# Nicaragua: Ortega "Citizen Committee" Leader gunned down



## peregrino_nica (Aug 1, 2008)

Right on cue - as if they read my last post! 

Just kidding. Tragic loss of life. But what goes around comes around.

http://impreso.elnuevodiario.com.ni/2008/07/31/nacionales/81979

Can run it through Google translate if Spanish is a little rusty
http://translate.google.com/translate_t

If anyone reads this, as background there are 3 areas always on bleeding edge of pro-freedom, anti-Ortega resistance. This happened in RAAN.

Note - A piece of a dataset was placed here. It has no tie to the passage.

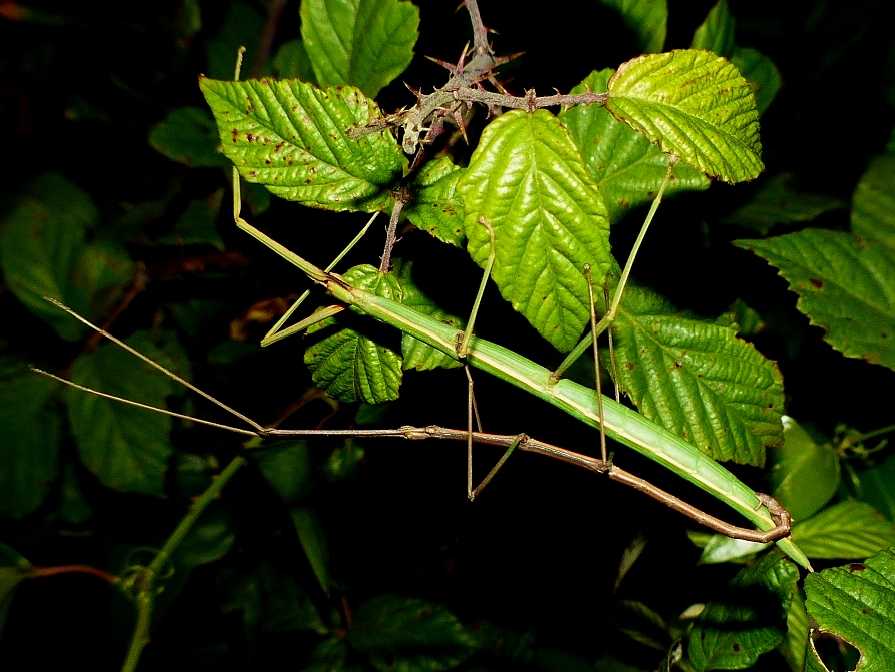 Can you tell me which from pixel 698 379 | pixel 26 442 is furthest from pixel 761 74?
pixel 26 442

RAAN - Region Autonimo Atlantico Norte. Lots of proud Misura, Creoles and Wangkis there
RAAS - Region Autonimo Atlantico Sur. Lots of proud southern campesinos and ex Resistance fighters.
Matagalpa/Chinandega - Proud Campesinos with long history of pro freedom resistance against various Nicaraguan dictatorships of right and left. Again, lots of ex resistance there.


----------



## Trip_Wire (Aug 1, 2008)

Couldn't of happened to a better guy! Adios sucker! Now if Ortega ... could meet the same fate ... :cool:


----------



## peregrino_nica (Aug 1, 2008)

Trip_Wire said:


> Couldn't of happened to a better guy! Adios sucker! Now if Ortega ... could meet the same fate ... :cool:



Ya got me there TW. By "Tragic" I meant "Well deserved, super cool, and appropriate".


----------